Stored items
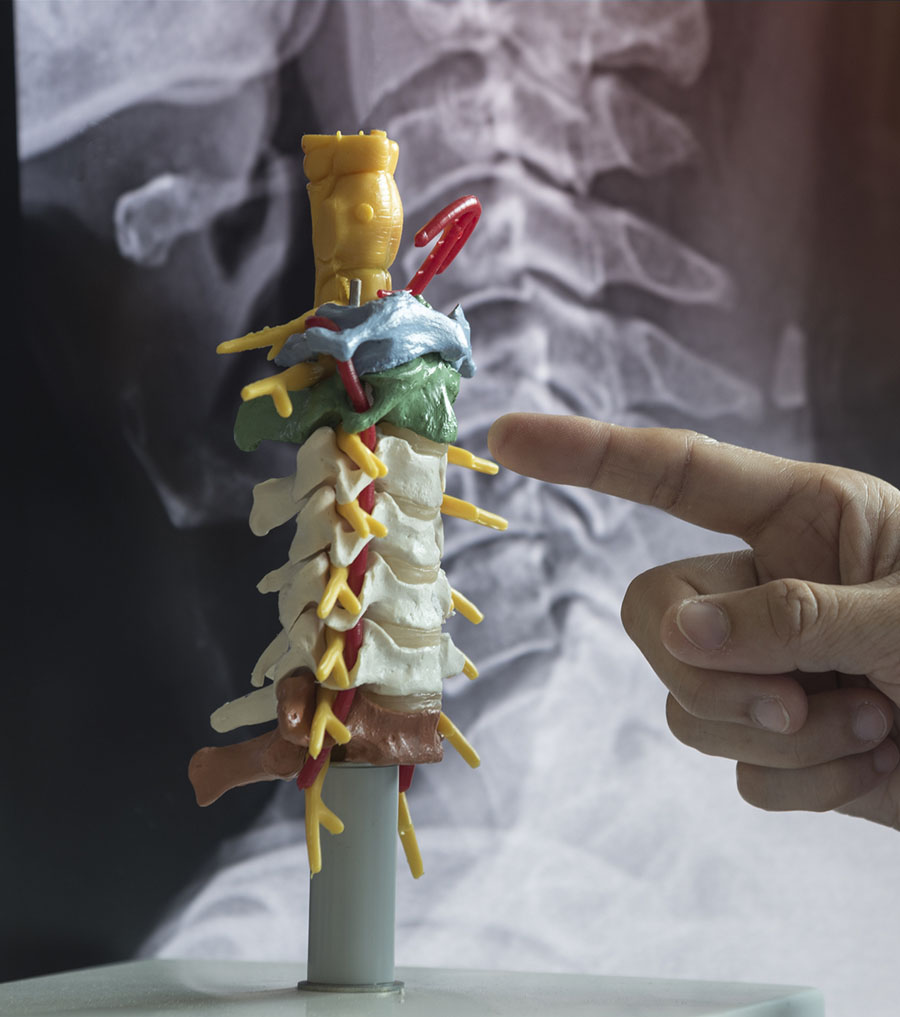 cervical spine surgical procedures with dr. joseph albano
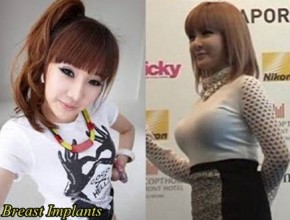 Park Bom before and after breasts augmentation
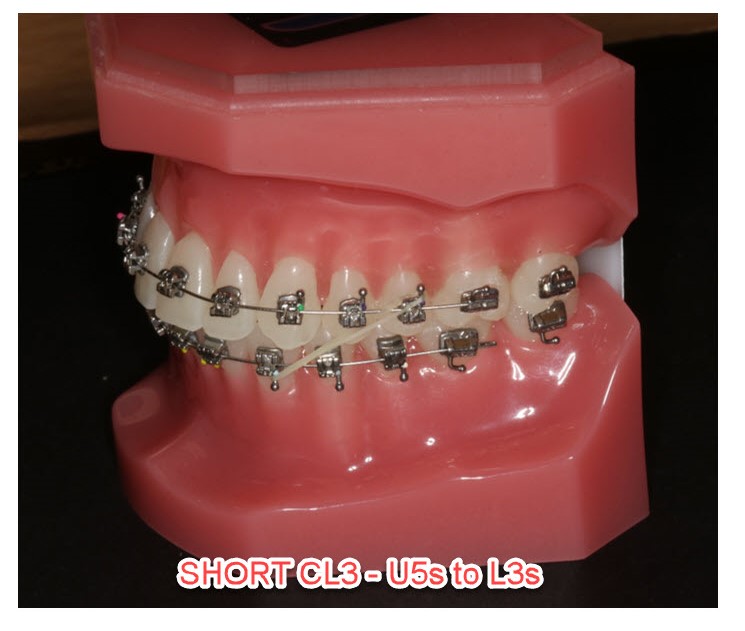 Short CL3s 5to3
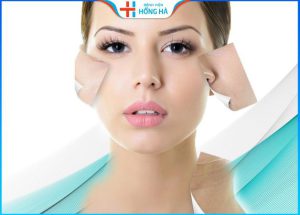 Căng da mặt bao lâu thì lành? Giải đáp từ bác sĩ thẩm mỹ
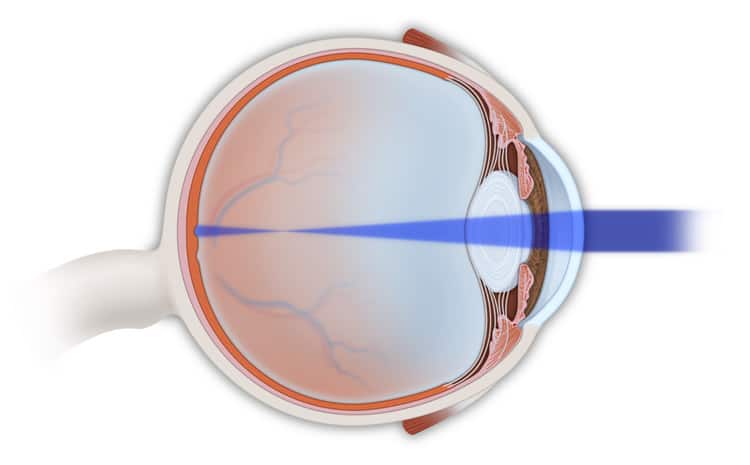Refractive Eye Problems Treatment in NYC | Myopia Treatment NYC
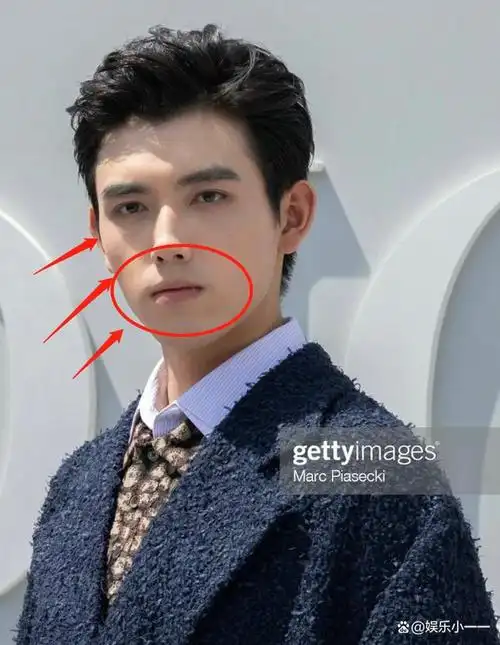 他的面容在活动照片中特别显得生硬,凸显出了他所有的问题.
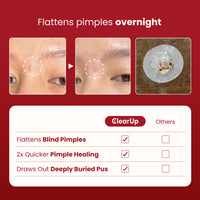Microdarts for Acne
---
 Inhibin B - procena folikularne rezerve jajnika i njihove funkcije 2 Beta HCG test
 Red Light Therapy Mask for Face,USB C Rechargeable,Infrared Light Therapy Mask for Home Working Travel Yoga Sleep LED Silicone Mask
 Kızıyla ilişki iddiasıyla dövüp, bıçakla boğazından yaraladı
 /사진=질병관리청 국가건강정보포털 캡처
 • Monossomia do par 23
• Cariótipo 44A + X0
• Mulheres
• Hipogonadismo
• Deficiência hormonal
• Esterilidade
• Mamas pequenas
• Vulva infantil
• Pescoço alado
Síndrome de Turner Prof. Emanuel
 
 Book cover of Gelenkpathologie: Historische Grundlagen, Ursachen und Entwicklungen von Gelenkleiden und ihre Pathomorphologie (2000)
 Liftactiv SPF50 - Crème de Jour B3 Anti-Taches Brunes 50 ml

▶ What to produce
Find the line with "cervical spine surgical" in the entries above. Set down exactly every line from it up to and including the line with "Microdarts for Acne", images excluded.

▶ Output
 cervical spine surgical procedures with dr. joseph albano
 Park Bom before and after breasts augmentation
 Short CL3s 5to3
 Căng da mặt bao lâu thì lành? Giải đáp từ bác sĩ thẩm mỹ
Refractive Eye Problems Treatment in NYC | Myopia Treatment NYC
 他的面容在活动照片中特别显得生硬,凸显出了他所有的问题.
Microdarts for Acne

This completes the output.